Assigned task: One exact copy of the listing is needed. It should contain no pictures.

Raw data:
▶

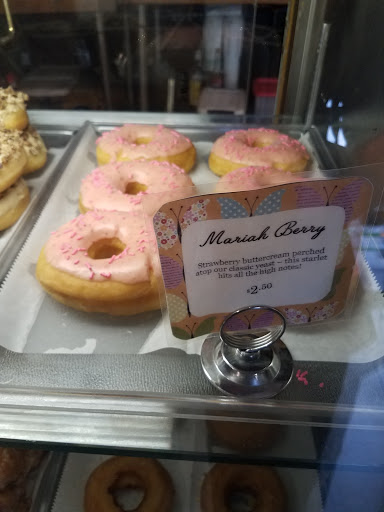 Donut Shop «The Dancing Donut», reviews and photos, 1134 E 54th St G, Indianapolis, IN 46220, USA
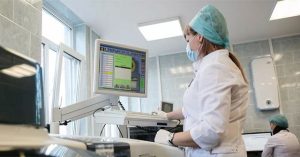 nCoV có thể phát tán rộng nhờ bám vào đế giày
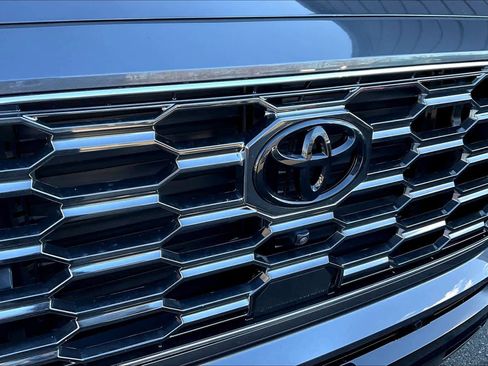 Certified 2025 Toyota Sequoia Platinum image 28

◀

Answer space:
 Donut Shop «The Dancing Donut», reviews and photos, 1134 E 54th St G, Indianapolis, IN 46220, USA
 nCoV có thể phát tán rộng nhờ bám vào đế giày
 Certified 2025 Toyota Sequoia Platinum image 28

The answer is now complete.